**WHAT YOU WILL DO:** Write out the entire listing below exactly, with the pictures left out.
_ _ _
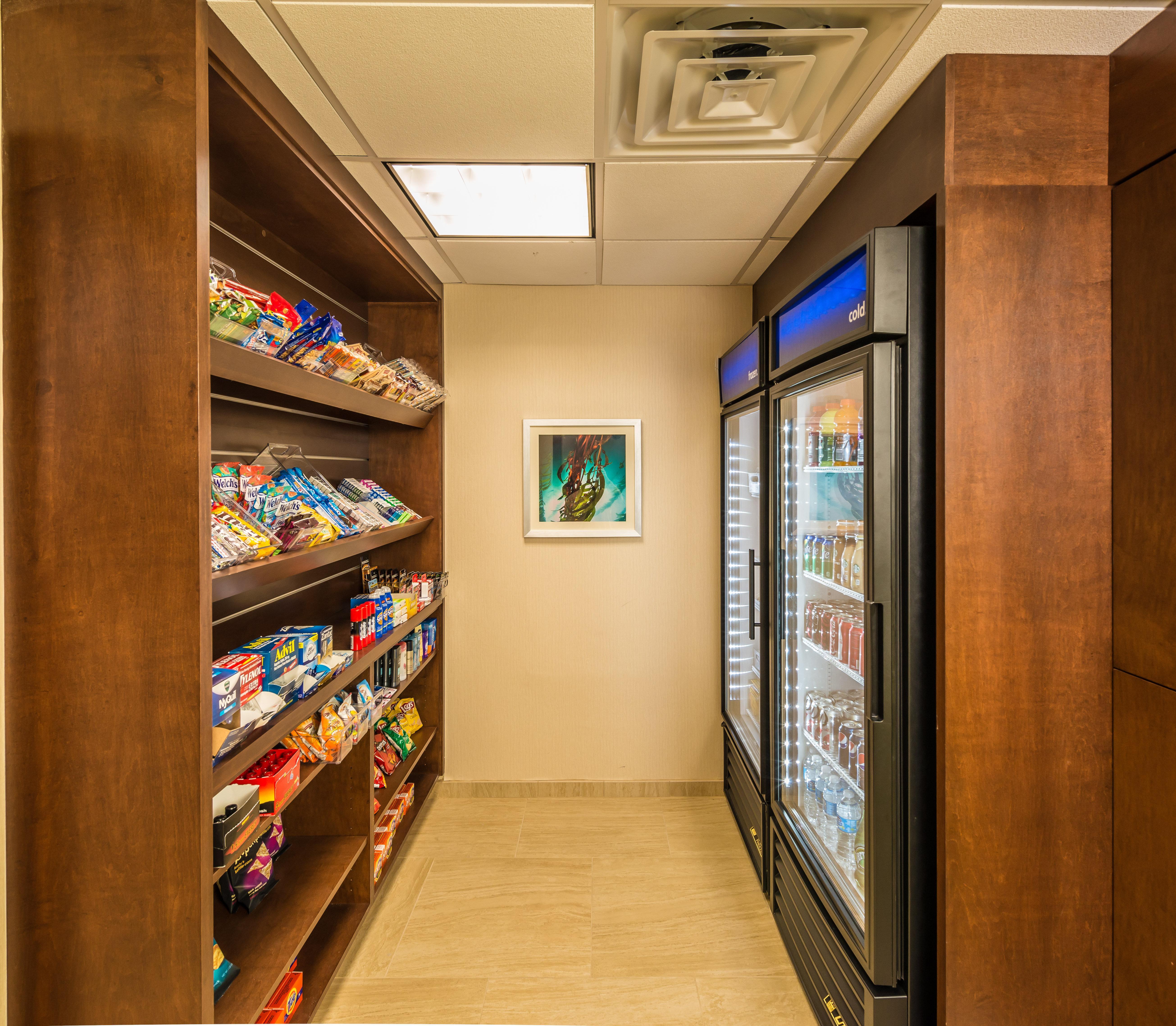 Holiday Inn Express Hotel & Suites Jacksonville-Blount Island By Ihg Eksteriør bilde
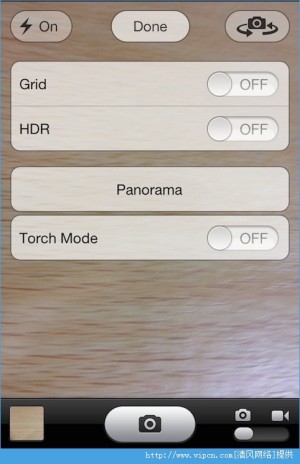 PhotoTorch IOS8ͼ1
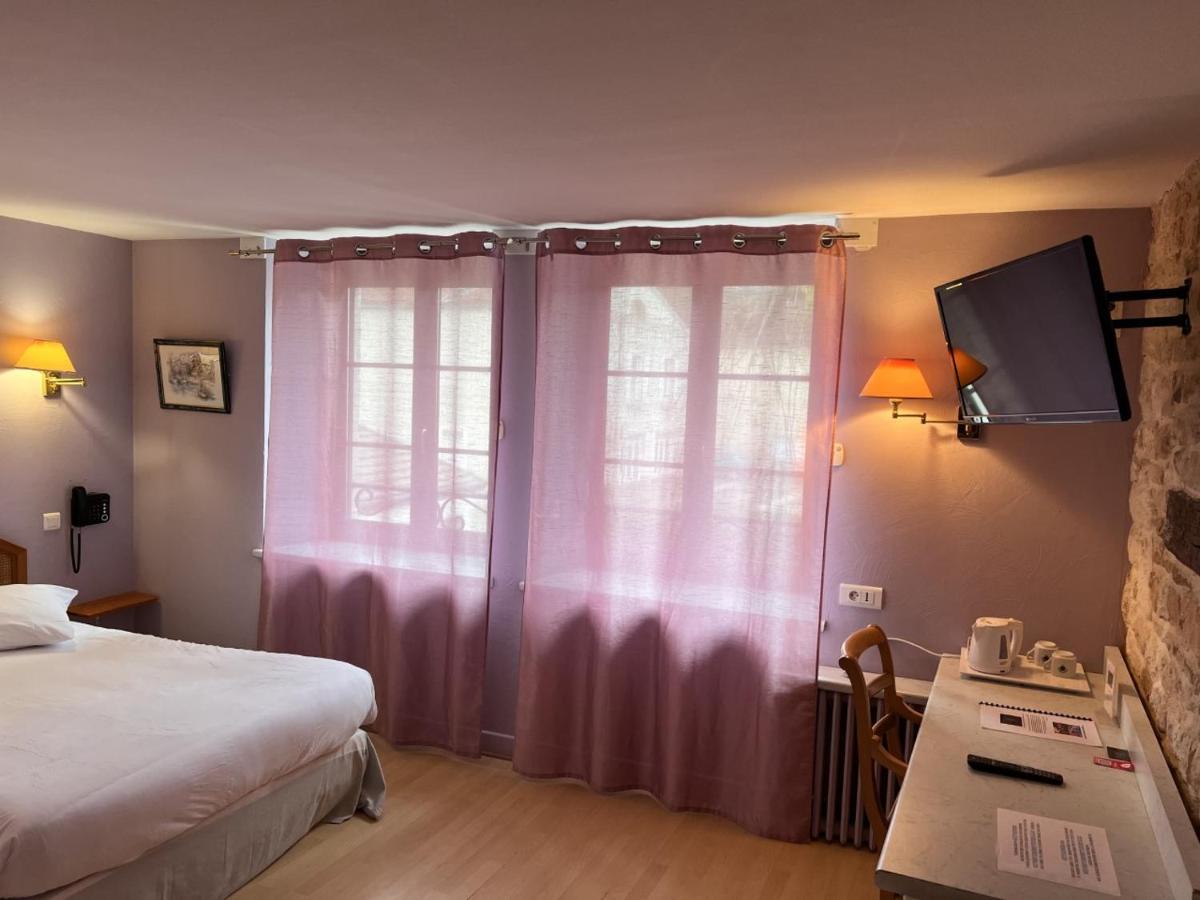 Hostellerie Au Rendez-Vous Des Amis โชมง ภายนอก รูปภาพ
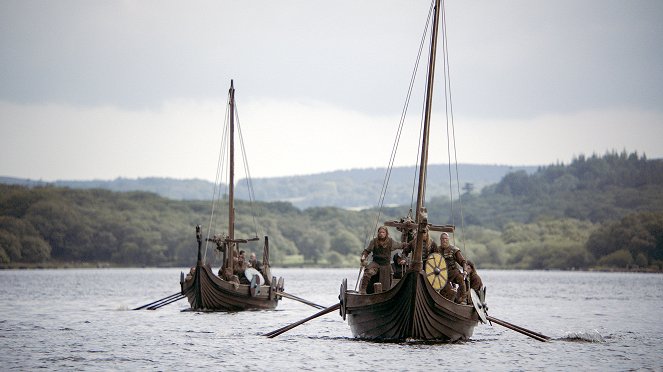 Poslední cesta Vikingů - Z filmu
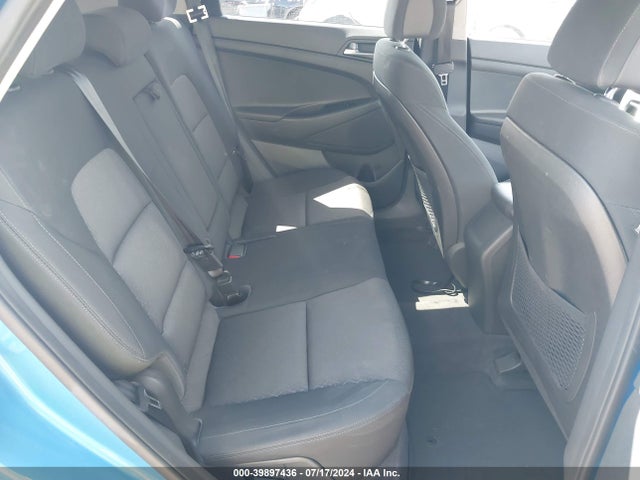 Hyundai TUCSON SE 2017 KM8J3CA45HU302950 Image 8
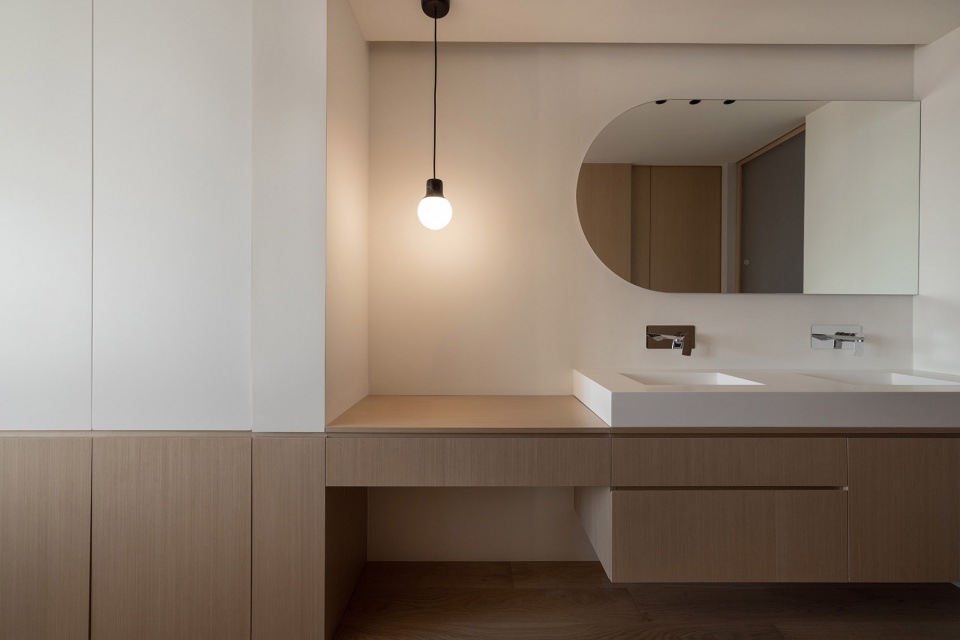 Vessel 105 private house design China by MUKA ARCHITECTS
_ _ _
**WRITTEN RESPONSE:**
 Holiday Inn Express Hotel & Suites Jacksonville-Blount Island By Ihg Eksteriør bilde
 PhotoTorch IOS8ͼ1
 Hostellerie Au Rendez-Vous Des Amis โชมง ภายนอก รูปภาพ
 Poslední cesta Vikingů - Z filmu
 Hyundai TUCSON SE 2017 KM8J3CA45HU302950 Image 8
 Vessel 105 private house design China by MUKA ARCHITECTS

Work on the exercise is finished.